PROBLEM TO WORK ON: What is needed is the full listing written out exactly, minus the pictures.

PROVIDED DATA:
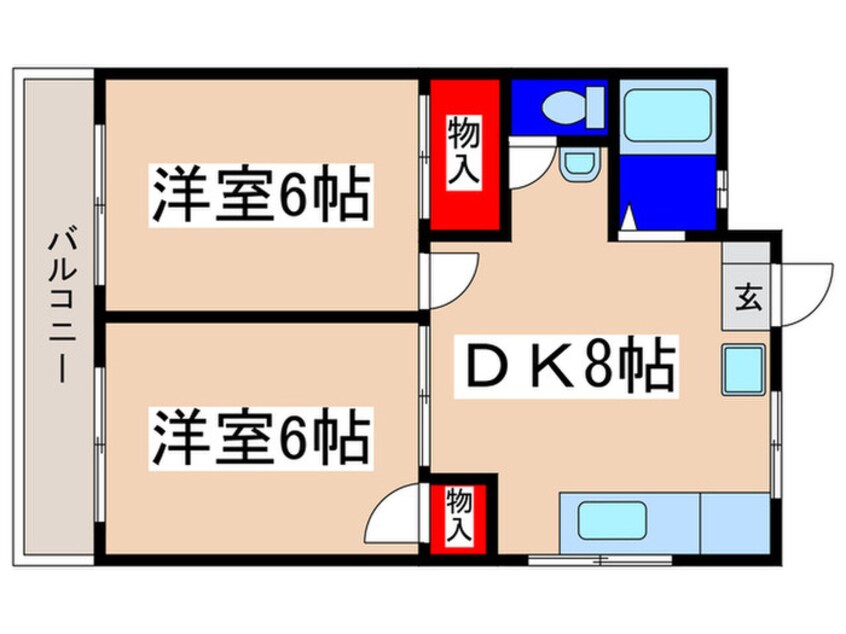 間取図 松栄スカイコ－ポ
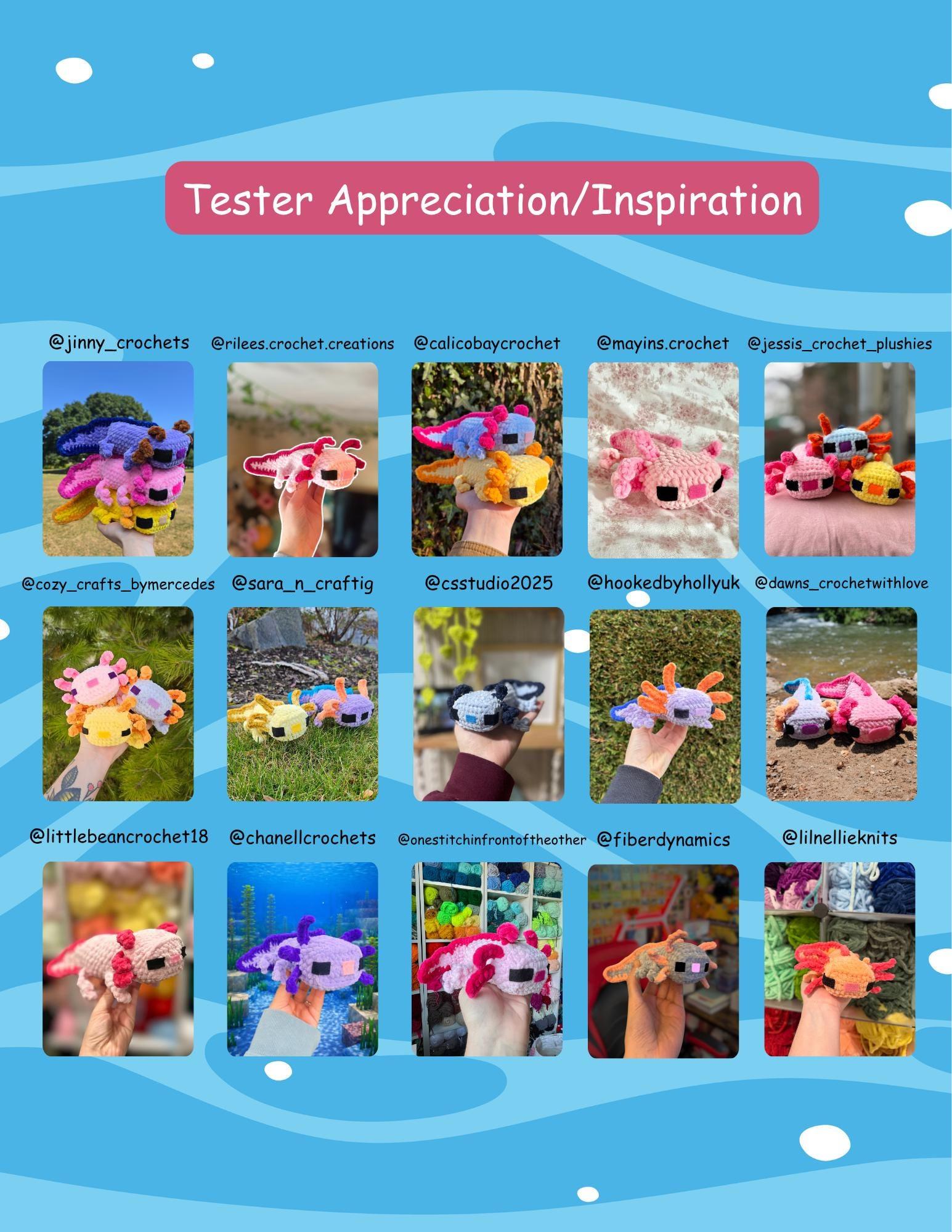 No-Sew Minecraft-Inspired Axolotl Crochet Pattern: Amigurumi (PDF Pattern) thumbnail 4
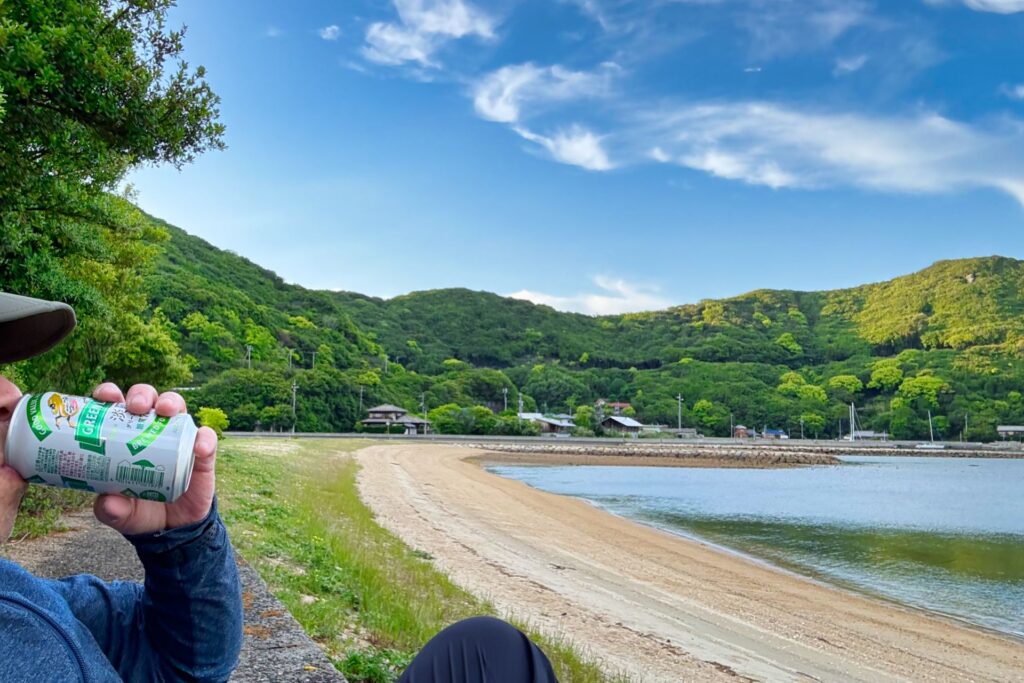 浜辺でゆっくり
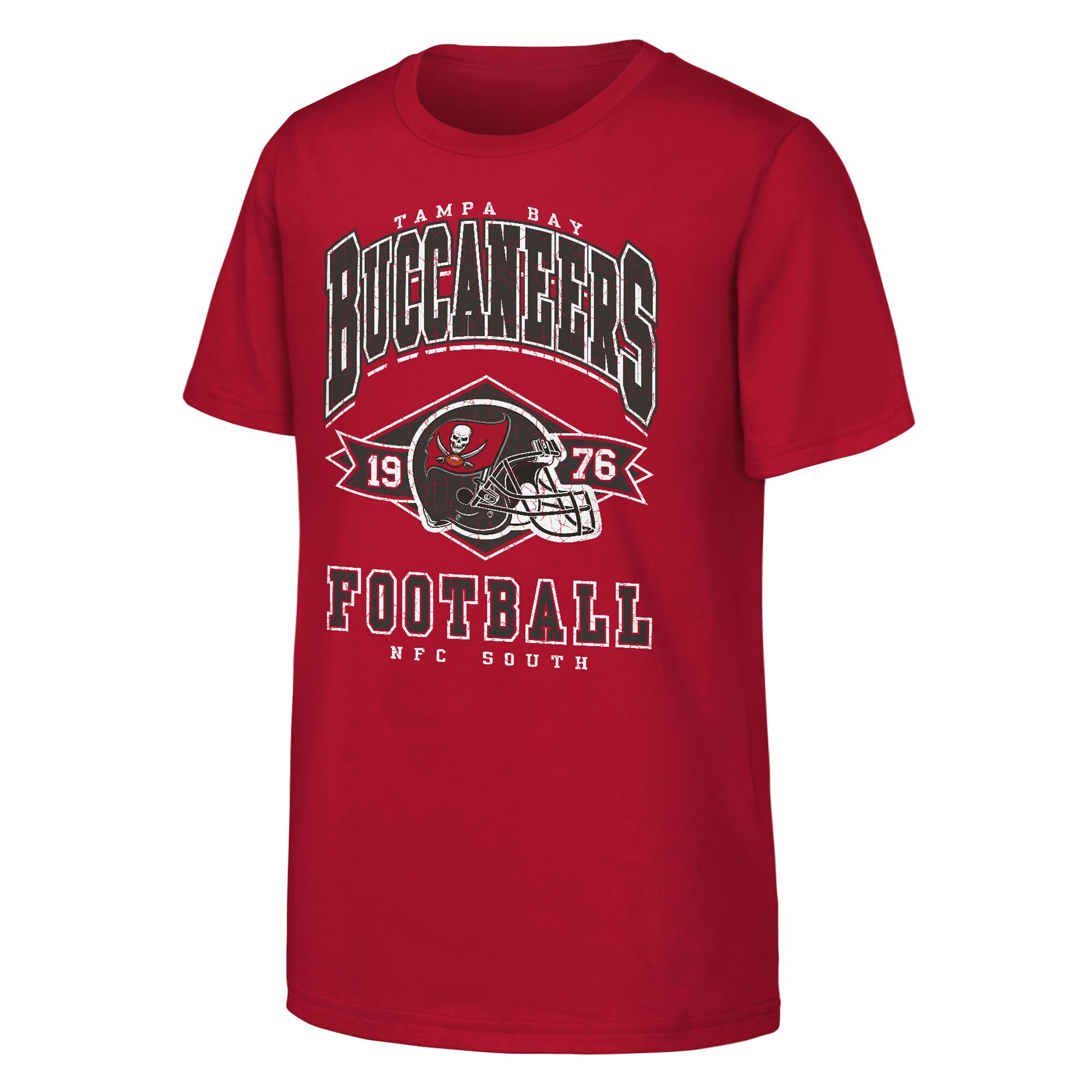 【公式グッズ】NFL バッカニアーズ Tシャツ Outerstuff キッズサイズ レッド (NFL Youth Kick Off SST - R)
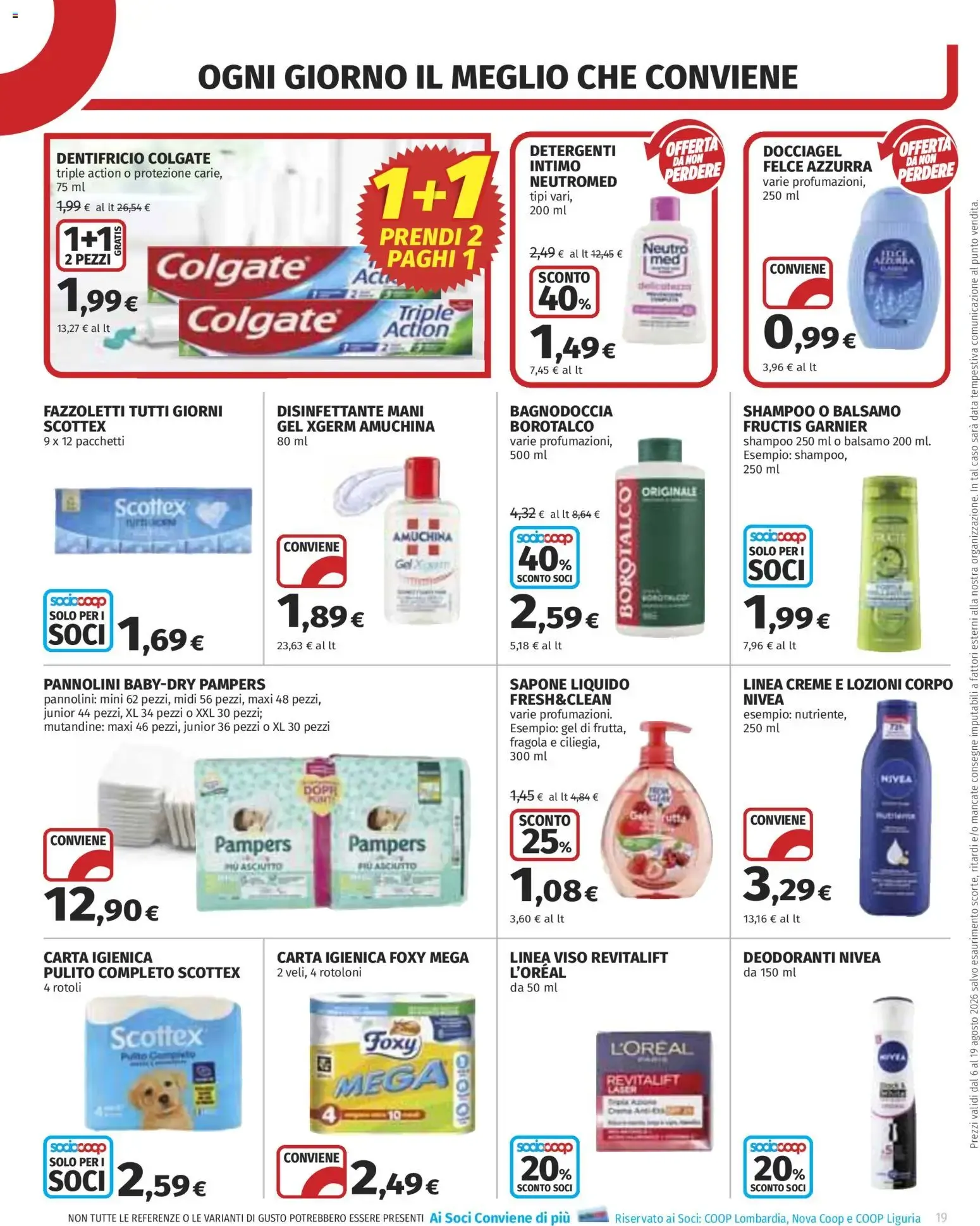 Volantino COOP Anteprima dal 06/08/2026 > NUOVO Promozioni da 6 agosto a 19 agosto di 2026 - Pagina del volantino 19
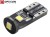 Żarówka Led W5W T10 12V DC 3x SMD 2835 Biały Ciepły 3000K OPTICON PREMIUM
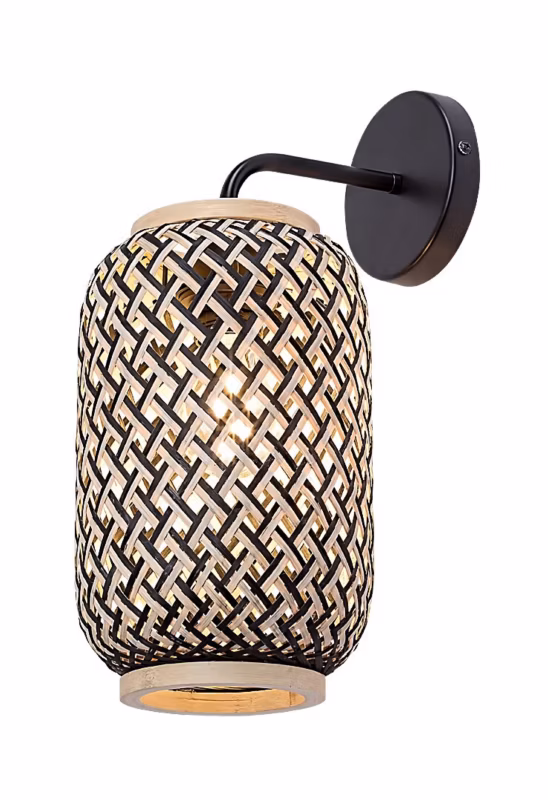 Kinkiet ścienny Rabalux Adalla czarny matowy-wielokolorowy 1 x E27 x IP20 wym: 37 x 17 x 24 cm – 1 szt.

RESULT OF THE EXERCISE:
 間取図 松栄スカイコ－ポ
 No-Sew Minecraft-Inspired Axolotl Crochet Pattern: Amigurumi (PDF Pattern) thumbnail 4
 浜辺でゆっくり
 【公式グッズ】NFL バッカニアーズ Tシャツ Outerstuff キッズサイズ レッド (NFL Youth Kick Off SST - R)
 Volantino COOP Anteprima dal 06/08/2026 > NUOVO Promozioni da 6 agosto a 19 agosto di 2026 - Pagina del volantino 19
 Żarówka Led W5W T10 12V DC 3x SMD 2835 Biały Ciepły 3000K OPTICON PREMIUM
 Kinkiet ścienny Rabalux Adalla czarny matowy-wielokolorowy 1 x E27 x IP20 wym: 37 x 17 x 24 cm – 1 szt.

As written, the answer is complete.